Anche tale motivo va dichiarato, dunque, inammissibile.
Inammissibile è, infine, il terzo motivo di ricorso.
Per un verso, infatti, non si ravvisa alcuna divergenza tra contestazione e sentenza, per il mero richiamo, compiuto in sentenza, alla recidiva specifica anziché a quella infraquinquennale per l’imputato NOME COGNOME.
Per altro verso, il motivo non si confronta con la motivazione del provvedimento impugnato, là dove la Corte d’appello, dopo aver negato fossero emersi elementi che consentissero di accedere al giudizio di prevalenza delle attenuanti generiche sulla recidiva, ha aggiunto che quest’ultima non può essere disapplicata, essendo NOME COGNOME gravato da un precedente specifico per tentata estorsione, e precisando, all’uopo, che la pregressa esperienza giudiziaria non ha sortito effetto deterrente, non ravvisando alcun segnale di resipiscenza.
Il ricorso è, in conclusione, inammissibile.

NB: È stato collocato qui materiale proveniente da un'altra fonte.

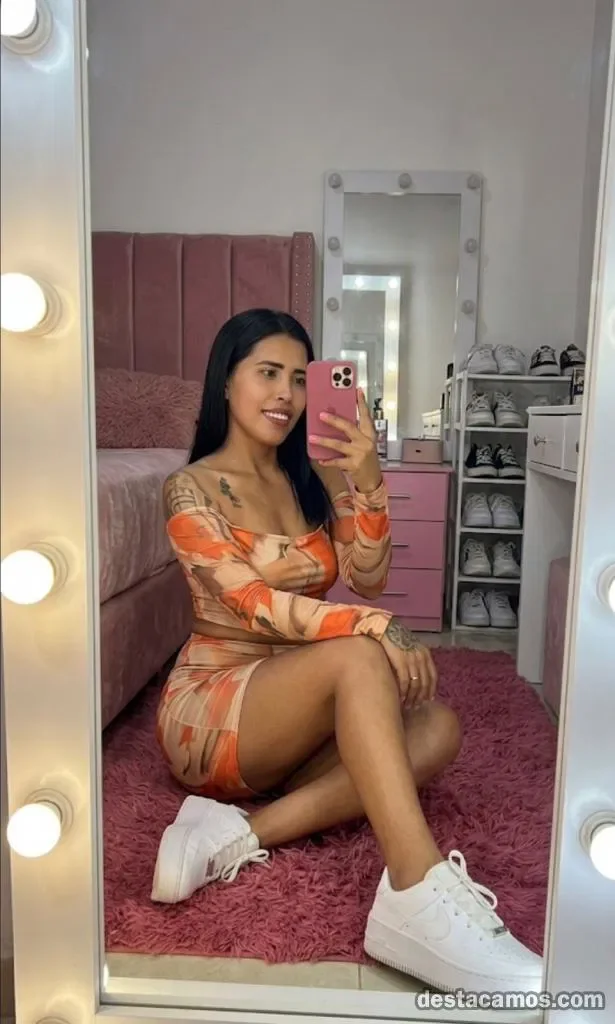 Escort latina curvy en Valencia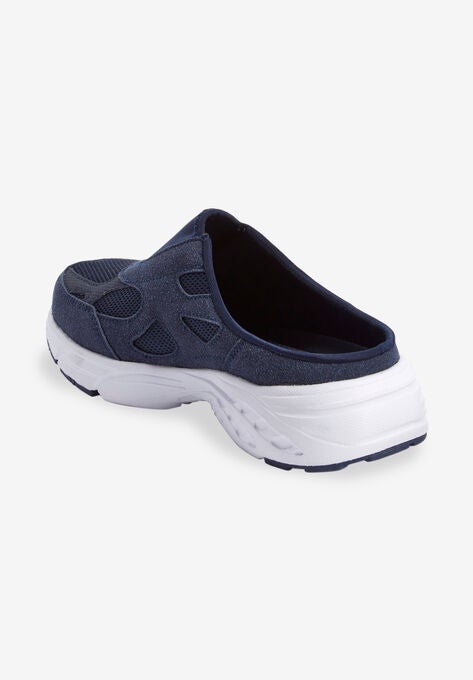 CV Sport Claude Slip On Sneaker, , on-hover image number null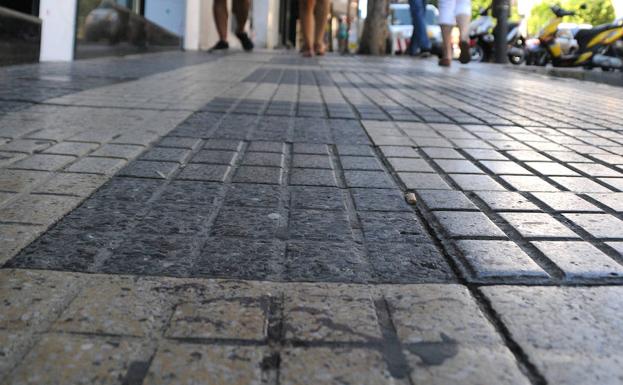 La mujer apuñalada en Mérida anduvo varios metros antes de llegar al hospital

Consegue la condanna di ciascun ricorrente al pagamento delle spese del procedimento e al versamento delle somme indicate nel dispositivo, ritenute eque, in favore della Cassa delle ammende, in applicazione dell’art. 616 cod. proc. pen.
P. Q. M.
Dichiara inammissibile il ricorso e condanna i ricorrenti al pagamento delle spese processuali e della somma di euro tremila in favore della Cassa delle ammende.